_Collected material_
____

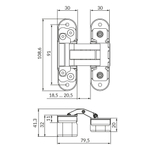Петля скрытой установки UNION 2.0 BL черный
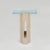 Early 21st Century Lloyd Travertine Glass Side Table by Kiwano Concept For Sale - Image 5 of 7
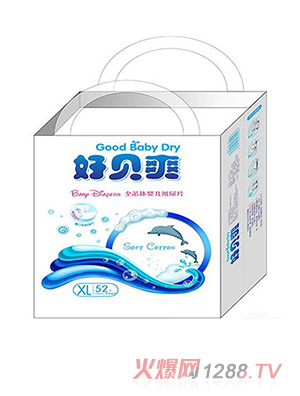 好貝爽全芯體嬰兒紙尿片XL碼52片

____

_What you have to do_
Your task is to repeat the data above exactly while excluding the pictures.

_Your solution_
Петля скрытой установки UNION 2.0 BL черный
 Early 21st Century Lloyd Travertine Glass Side Table by Kiwano Concept For Sale - Image 5 of 7
 好貝爽全芯體嬰兒紙尿片XL碼52片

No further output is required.